Monolith Soft has strived to recreate and scale up what’s new in the first Xenoblade Chronicles adventure since its release in 2012. The third chapter in the science fantasy JRPG series meets the same frustrating fate as XC X and XC 2. Despite its top-notch combat and character progression features, Xenoblade Chronicles 3 is a bloated trek through vast but lifeless environments, further marred by an untouchedness become narration with one of the worst casts in the franchise.
XC 3 uses a real-time combat system where “Arts”, advanced abilities mapped to the controller’s face buttons, give combat a natural, straightforward cadence. By canceling auto attacks on the arts while balancing the cooldown, I quickly took down most enemies in the early game. However, finding stronger challengers that would defend rare treasures or simply graze off the beaten path forced me to rethink traditional attack patterns and interact with every mechanic. From taking control of a healer and adopting a “group” tactic that allowed me to save my team with long-range AoE arts, to taking down staggered enemies with combos, every decision I made felt worthwhile and rewarding.
Classes add tension to the loop. The six playable party members can learn any class and encourage me to experiment with combinations. Even seventh “hero” characters recruited from main and side quests offer rarer, hybrid classes to choose from. Some of my fighters touted robust health and defense stats, making them spookers for tank classes, while the nimble ones were better suited for DPS roles. Each class came with their own arts/passive abilities and were a joy to play. I liked drawing aggression with heavy guard taunts and then switching to a dual sword attacker to stab the busy enemy in the back. The team’s healing just before a devastating blow made the mid to late game fights invigorating.
My favorite combat features were interlinks and chain attacks. Both can be activated by performing class abilities after filling the gauges, with the former allowing two party members to merge into a humanoid robot called Ouroboros. These gigantic deities eliminate entire squadrons of opponents or even the odds of powerful bosses in one fell swoop. Chain Attacks are team-wide specials that dramatically slow down the action and allow a range of character arts to not only deal heavy damage, but also allow for bonuses like reduced aggression and high dodge. Interlinks and Chain Attacks were power trips that always made me smile, even when my patience with the storyline and exploration waned.

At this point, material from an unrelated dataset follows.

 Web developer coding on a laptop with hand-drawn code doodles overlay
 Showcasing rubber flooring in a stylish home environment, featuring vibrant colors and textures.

The nations of Keves and Agnus are locked in constant conflict, with both sides suffering enormous casualties. Soldiers are subject to a morbid, bloody 10-year lifespan. When Noah, Eunie, and Lanz team up with Agnus agents Mio, Taion, and Sena, the crew decides on new goals: end intercultural violence, defeat the “real” enemy, and find a just reason to live. This premise is eerily similar to last year’s Tales of Arise. Where infectious, likable personalities fixed the game’s occasional thematic blunders, XC 3’s protagonists are unforgettable caricatures that lack the emotional complexity a story of this nature demands. Stiff cutscene animations coupled with brain-numbing repetitive barks – “I’m the MVP!” or “That’s a rare doodad!” – do the six champions no favors.
This superficiality extends to the explorable settings, which lack the impressive sights and vistas of previous Xeno entries. These open-world zones are filled with dangerous creatures, from flying stingrays to ferocious kaiju-sized monkeys, and collectibles that can be sold for profit or given to quest NPCs. Aside from challenging monsters, collecting respawnable drops, and recruiting heroes in Keves or Agnus settlements, there’s not much to do or see. The generic locations – forests, deserts, mountains; You can probably guess the rest – were barren places I spent hours navigating to get to the next disappointing story checkpoint.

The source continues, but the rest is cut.